The number of unemployed in particular has increased, while those taking early retirement and sick leave have sharply decreased. A total of 1.59 million people are excluded, according to the Department of Employment's definition.

Reducing job market isolation has been the government's most important objective. In 2006, Prime Minister Fredrik Reinfeldt said in a government statement that the overall goal is to create conditions for more jobs and "thereby overcoming exclusion."

He added that "over 1 million people are inactive from the job market. Despite strong growth, there is mass unemployment."

During political debates in the spring, the government pointed out that Sweden has gone through a deep financial crisis and the country has emerged as one of Europe's strongest economies thanks to government policy.

The opposition Social Democrats believe that the numbers of socially excluded have increased considerably more. They have commissioned Sweden's parliament's, the Riksdag's, inquiry service to count how many people aged 16 to 64 are not participating in the job market, a somewhat different way to compile the figures to the Department of Employment's.

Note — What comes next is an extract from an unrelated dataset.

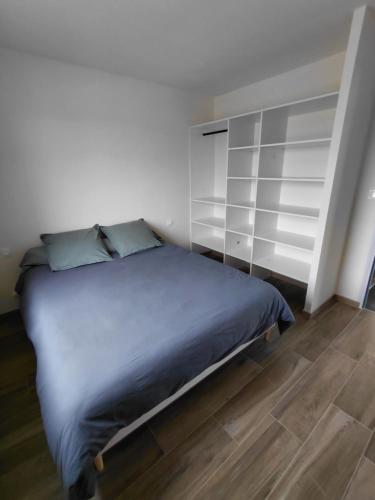 een slaapkamer met een bed en een boekenplank bij Gîte du champ aisé in Montaigu-Vendée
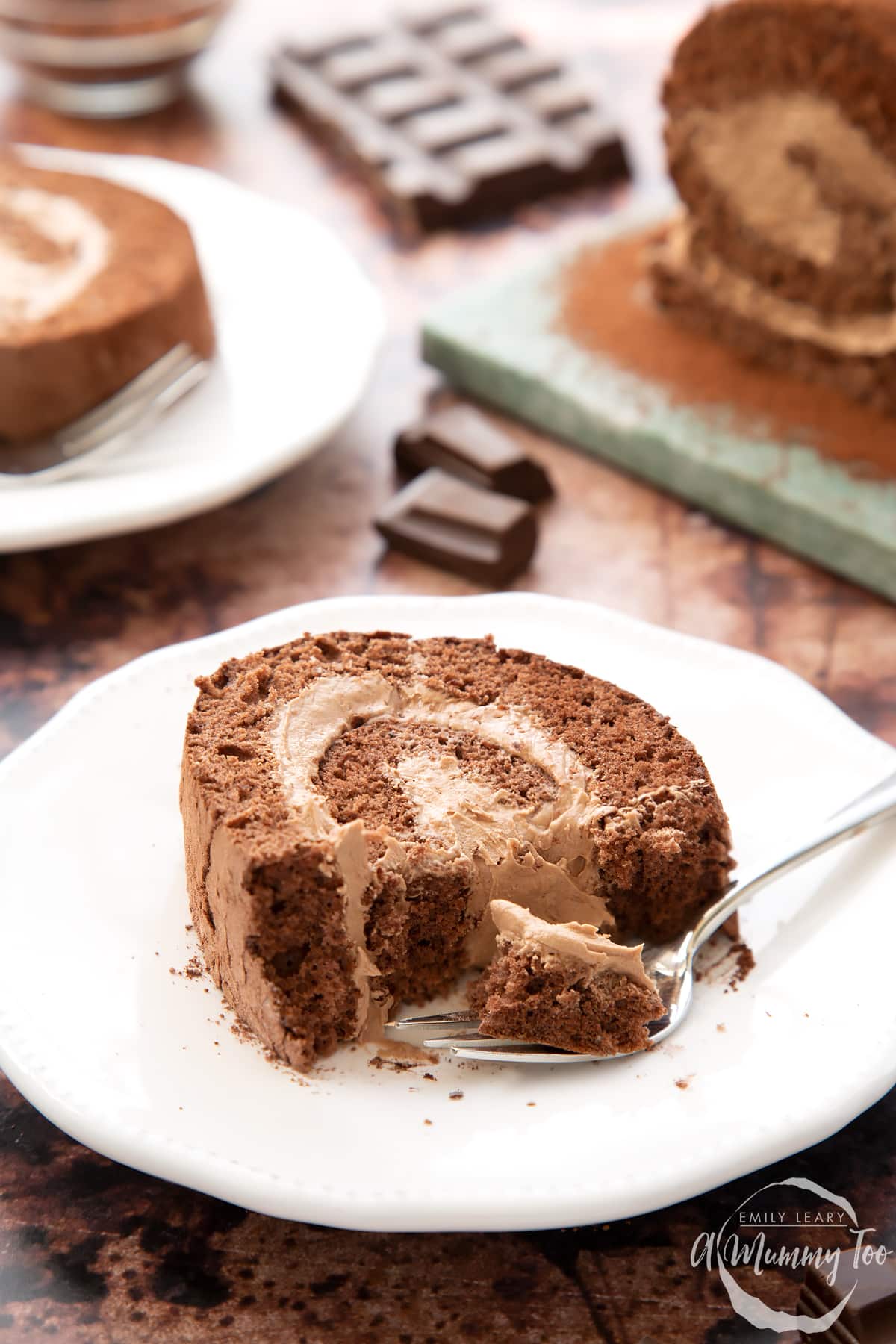 A slice of Chocolate Swiss roll on a white plate. Some of it has been eaten. A fork rests with some sponge on it.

According to party secretary Ibrahim Baylan, this measure also captures those who are not part of any "system," such as young people who have not registered with Public Employment Services (Arbetsförmedlingen) and do not receive any kind of compensation or assistance.

He pointed out that the ruling Moderates used this definition before the last election, but asserted that since then, they have altered the standards to get better figures.

"No matter how one counts them, they have failed their big electoral promise to reduce exclusion," he said.